Biased models are still absolutely a massive concern to serious researchers.

“AI collapse” isn’t the only mechanism to throw a monkey wrench into someone’s AI ambitions.

Intentionally introducing and reinforcing biases in an automated fashion adds an additional burden to those developing a model. I haven’t actually looked into the economic asymmetry of those attacks, though.

JeeBaiChow@lemmy.world · 10 months ago

Absolutely this. Ai isn’t some bastion of truth. I envision a future where AIS trained by different stakeholders, e.g. Dem vs repub, us vs Russia vs china. Etc… All fighting for eyeballs. It’s just gonna get harder to tell what’s real from fake because of the insane amount of content these bots are gonna churn out. It’s already a huge problem with human monitored sources.
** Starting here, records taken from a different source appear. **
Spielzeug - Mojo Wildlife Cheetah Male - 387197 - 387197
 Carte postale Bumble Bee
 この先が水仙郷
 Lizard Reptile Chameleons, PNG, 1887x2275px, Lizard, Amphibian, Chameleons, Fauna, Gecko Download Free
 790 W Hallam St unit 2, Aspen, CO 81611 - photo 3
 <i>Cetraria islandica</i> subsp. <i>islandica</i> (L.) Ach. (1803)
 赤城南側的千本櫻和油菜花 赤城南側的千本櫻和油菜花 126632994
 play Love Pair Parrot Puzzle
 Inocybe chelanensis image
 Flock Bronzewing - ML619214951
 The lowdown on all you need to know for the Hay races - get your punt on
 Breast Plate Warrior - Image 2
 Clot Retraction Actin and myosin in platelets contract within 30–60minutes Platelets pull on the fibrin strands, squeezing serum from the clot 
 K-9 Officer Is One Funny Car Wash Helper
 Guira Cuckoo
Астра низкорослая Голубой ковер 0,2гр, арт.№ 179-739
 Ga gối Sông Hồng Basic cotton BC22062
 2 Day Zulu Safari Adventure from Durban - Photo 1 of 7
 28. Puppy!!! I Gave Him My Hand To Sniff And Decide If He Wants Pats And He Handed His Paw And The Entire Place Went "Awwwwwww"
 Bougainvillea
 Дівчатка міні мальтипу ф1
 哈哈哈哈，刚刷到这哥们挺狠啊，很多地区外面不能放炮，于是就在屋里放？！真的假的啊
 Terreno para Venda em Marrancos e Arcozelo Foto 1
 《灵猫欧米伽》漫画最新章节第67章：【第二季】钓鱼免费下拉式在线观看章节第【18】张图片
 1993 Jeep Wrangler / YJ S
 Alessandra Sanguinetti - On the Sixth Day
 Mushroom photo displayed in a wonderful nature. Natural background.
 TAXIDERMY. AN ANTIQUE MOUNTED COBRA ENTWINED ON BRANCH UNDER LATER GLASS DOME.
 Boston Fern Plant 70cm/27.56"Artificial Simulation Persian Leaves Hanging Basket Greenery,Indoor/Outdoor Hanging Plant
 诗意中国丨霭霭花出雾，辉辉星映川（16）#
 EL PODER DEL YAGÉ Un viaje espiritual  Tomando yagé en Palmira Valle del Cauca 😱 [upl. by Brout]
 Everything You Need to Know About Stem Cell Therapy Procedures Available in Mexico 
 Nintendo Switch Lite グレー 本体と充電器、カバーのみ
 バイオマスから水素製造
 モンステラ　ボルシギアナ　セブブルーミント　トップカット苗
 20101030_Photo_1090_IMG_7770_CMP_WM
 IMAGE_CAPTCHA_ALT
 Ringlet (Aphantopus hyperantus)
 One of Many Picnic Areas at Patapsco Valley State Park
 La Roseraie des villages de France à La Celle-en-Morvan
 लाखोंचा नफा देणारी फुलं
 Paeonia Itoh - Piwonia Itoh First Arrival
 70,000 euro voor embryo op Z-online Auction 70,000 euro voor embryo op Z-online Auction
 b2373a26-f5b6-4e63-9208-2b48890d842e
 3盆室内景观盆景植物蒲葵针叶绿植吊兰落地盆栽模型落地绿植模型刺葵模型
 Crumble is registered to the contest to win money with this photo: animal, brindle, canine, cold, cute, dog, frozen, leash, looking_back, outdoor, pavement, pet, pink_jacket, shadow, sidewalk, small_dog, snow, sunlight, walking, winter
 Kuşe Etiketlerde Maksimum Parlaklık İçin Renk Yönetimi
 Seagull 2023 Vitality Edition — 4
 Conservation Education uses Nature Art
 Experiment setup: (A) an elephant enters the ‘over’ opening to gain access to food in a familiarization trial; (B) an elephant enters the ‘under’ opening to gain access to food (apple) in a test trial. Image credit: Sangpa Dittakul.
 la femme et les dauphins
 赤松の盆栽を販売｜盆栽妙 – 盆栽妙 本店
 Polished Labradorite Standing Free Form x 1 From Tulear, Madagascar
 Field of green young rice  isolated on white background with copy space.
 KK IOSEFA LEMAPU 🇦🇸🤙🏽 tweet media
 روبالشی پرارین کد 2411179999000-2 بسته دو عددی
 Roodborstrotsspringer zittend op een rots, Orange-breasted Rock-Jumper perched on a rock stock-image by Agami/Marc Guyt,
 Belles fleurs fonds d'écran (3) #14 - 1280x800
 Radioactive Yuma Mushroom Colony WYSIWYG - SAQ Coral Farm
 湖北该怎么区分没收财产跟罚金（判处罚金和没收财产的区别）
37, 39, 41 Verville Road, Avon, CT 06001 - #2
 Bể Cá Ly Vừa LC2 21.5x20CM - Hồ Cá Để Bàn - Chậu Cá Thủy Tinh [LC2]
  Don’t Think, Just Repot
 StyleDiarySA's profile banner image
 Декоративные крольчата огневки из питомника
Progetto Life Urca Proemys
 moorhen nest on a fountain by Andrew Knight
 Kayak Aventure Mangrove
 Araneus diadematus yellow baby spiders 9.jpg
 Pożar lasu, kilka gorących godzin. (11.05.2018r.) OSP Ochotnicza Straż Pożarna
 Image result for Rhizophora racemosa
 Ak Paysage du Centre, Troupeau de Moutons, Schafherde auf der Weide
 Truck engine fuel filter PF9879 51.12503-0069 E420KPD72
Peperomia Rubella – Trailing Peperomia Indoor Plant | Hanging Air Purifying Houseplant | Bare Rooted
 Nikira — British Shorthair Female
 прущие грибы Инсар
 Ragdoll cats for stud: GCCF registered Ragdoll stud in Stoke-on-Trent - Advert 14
Natanael@slrpnk.net · 10 months ago

Training on synthetic data is not a quality improvement, it’s just an edge case reducer for a small set of edge cases by decreasing “overfitting”, and it is only even able to achieve that if you’re very very careful with what you add and how. If you’re ONLY training on AI generated data repeatedly then it does start to degrade and loose coherence after a few generations of training

FaceDeer@kbin.social · 10 months ago

Which is why nobody trains on ONLY AI generated data.

Really, experts have thought of this stuff already. Because they’re experts. Synthetic data means that the amount of “real” data required is much less, so giant repositories like Reddit aren’t so important.

Natanael@slrpnk.net · 10 months ago

No, “much less” training data isn’t possible with synthetic data. That’s not what it’s there for. The experts would tell you as much if you asked them.